El kit de detención fue un recurso muy utilizado entre las fuerzas de seguridad antes de entrar en vigor el Sistema Penal Acusatorio, y básicamente aplicaba para detenciones en supuesta flagrancia. Contenía un arma de grueso calibre y una cantidad de drogas, “aseguradas” después de una persecución. Eso garantizaba la detención preventiva de una persona hasta el final del juicio, fuera o no responsable.
Eso se llama “prisión preventiva oficiosa”.
El Nuevo Sistema de Justicia Penal o de juicios orales buscó terminar con ello, profesionalizar el combate al delito y que sólo estuvieran en prisión aquellos que hubieran cometido ilícitos verdaderamente graves, por lo que se estableció un reducido catálogo de éstos en el artículo 19 de la Constitución. Sin embargo, lo que aconteció fue que las policías y los fiscales nunca se profesionalizaron, y que en el caso de los delitos federales, los cuerpos armados no habilitados para funciones policiacas, léase Fuerzas Armadas, constantemente incurrieron en detenciones irregulares bajo la figura de la flagrancia, propiciando la invalidez de éstas.
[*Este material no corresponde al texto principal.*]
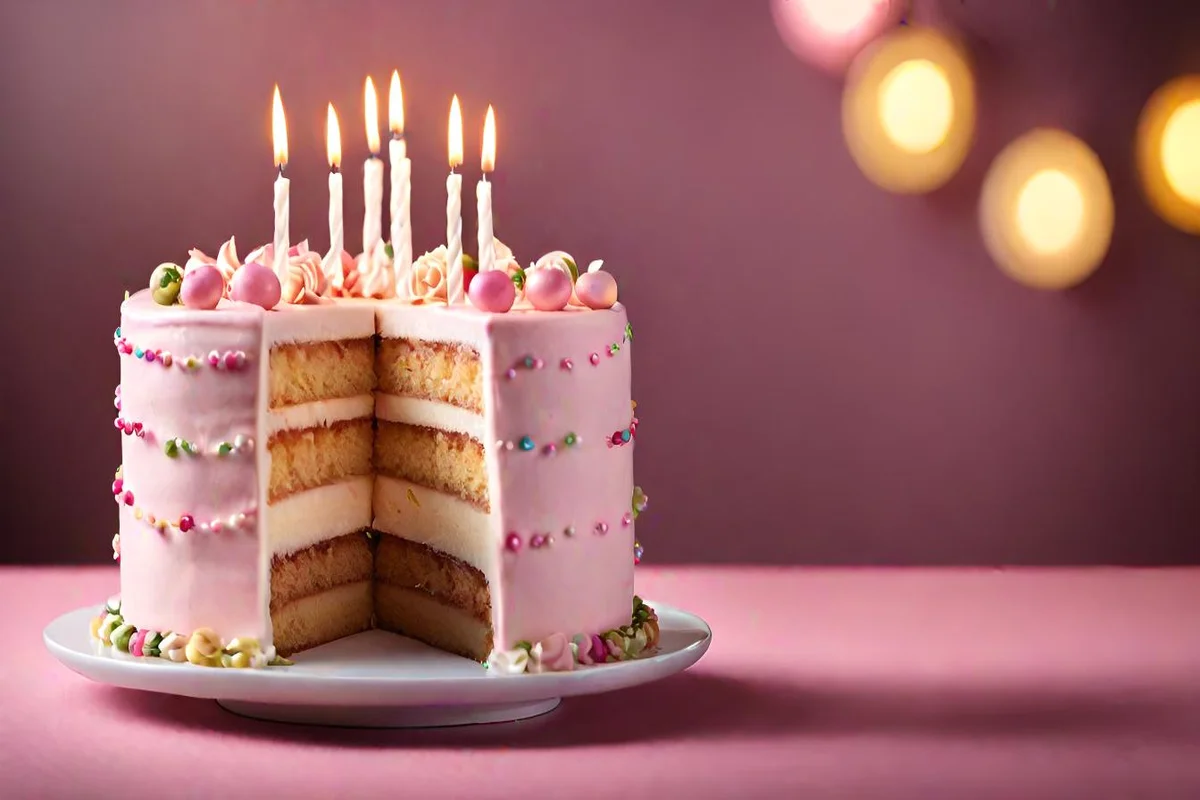 Festive half birthday cake in a celebration setting, highlighting its role in unique traditions.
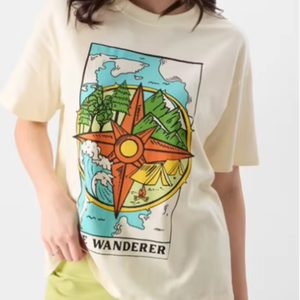 Camiseta de Algodón de Cuello Redondo y Manga Corta, Estilo Urbano Americano, Holgada, de Alta Calidad, Personalizable para Mujer - Product Image 4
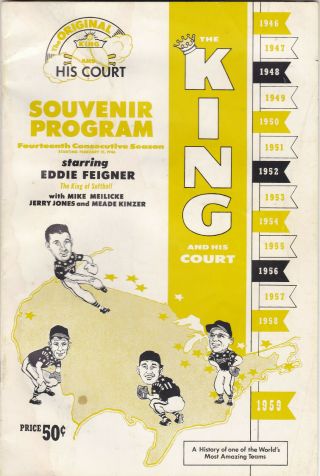 Eddie Feigner Autographed 1959 King And His Court Softball Program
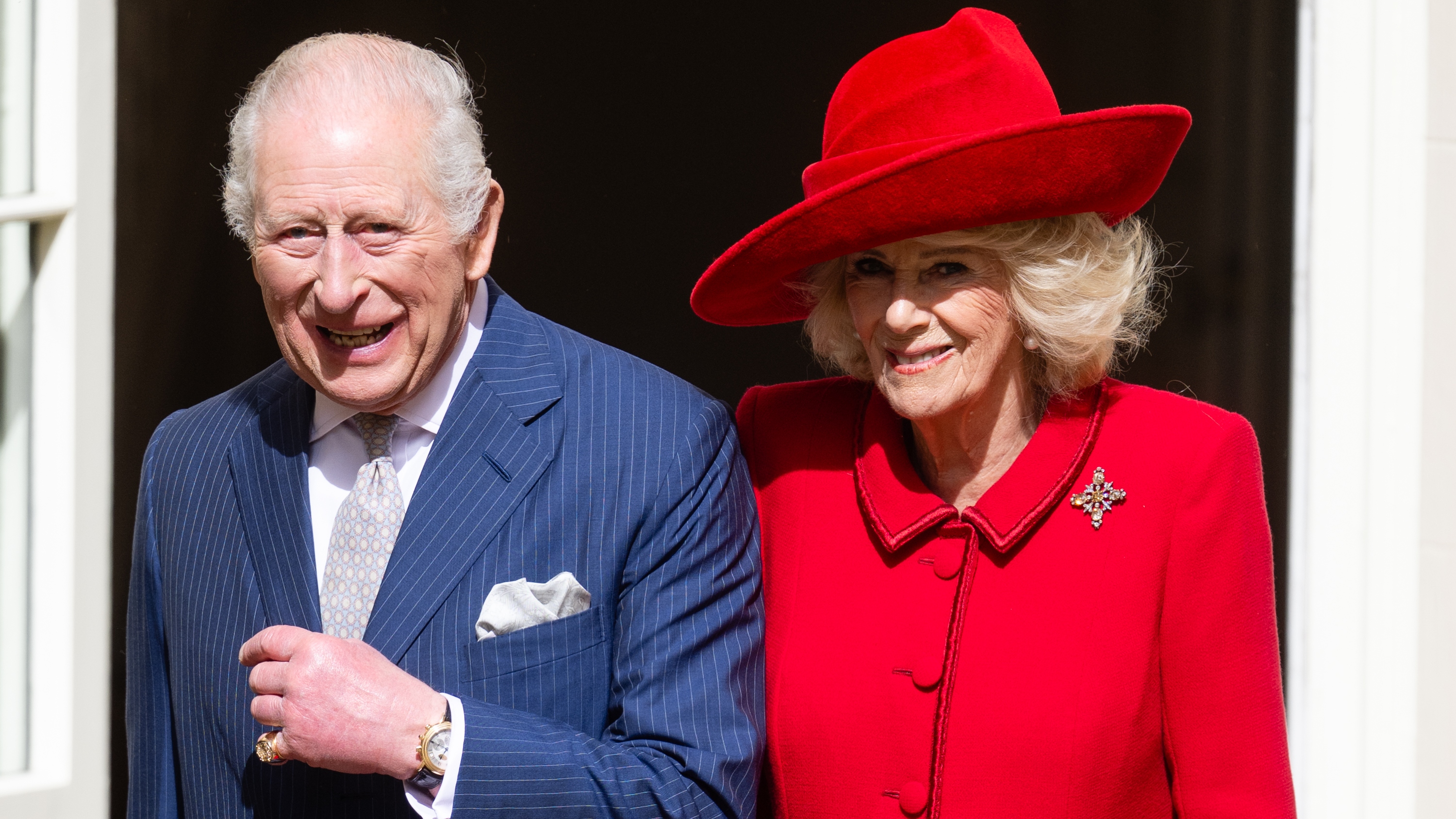 King Charles III and Queen Camilla attend the 2026 Easter Matins Service at St George's Chapel on April 05, 2026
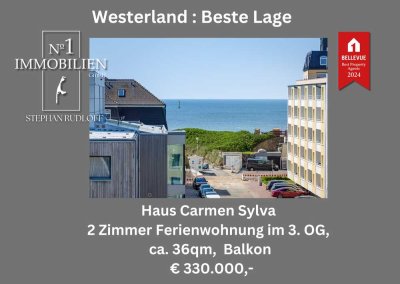 2 Zimmerwohnung im 3.OG, mit Balkon am Strand von Westerland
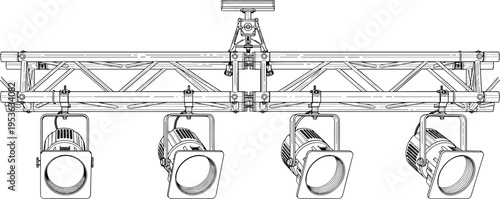 Stage lighting rig illustration, professional spotlights on truss system, concert and theater equipment design, studio lighting setup, detailed vector line art
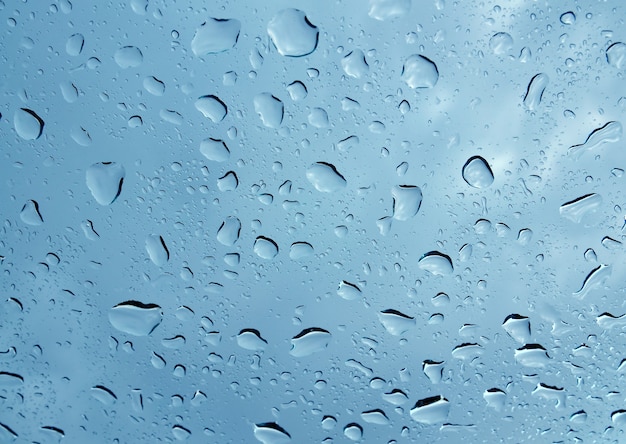 Water drops on a glass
El sistema no es el fallido, sino los operadores.
Frente a ello surge lo que suele llamarse populismo penal: Ante la ineficacia de garantizar la seguridad a los ciudadanos, los gobiernos recurren a aumentar las penas de los delitos o aquellos que ameritan cárcel, para tratar de atenuar el descontento social. Con ello, los jueces de control se convierten en meras figuras de trámite.
Prendamos las alertas, porque es justamente lo que acaba de aprobar el Congreso de Unión hace unos días y muy probablemente lo hagan los congresos locales. El aumento de personas privadas preventivamente de su libertad puede registrar un alza que se había logrado atenuar hace tiempo.
El populismo judicial debe evitarse y evidenciarse, porque sólo conduce a poner en riesgo los derechos humanos.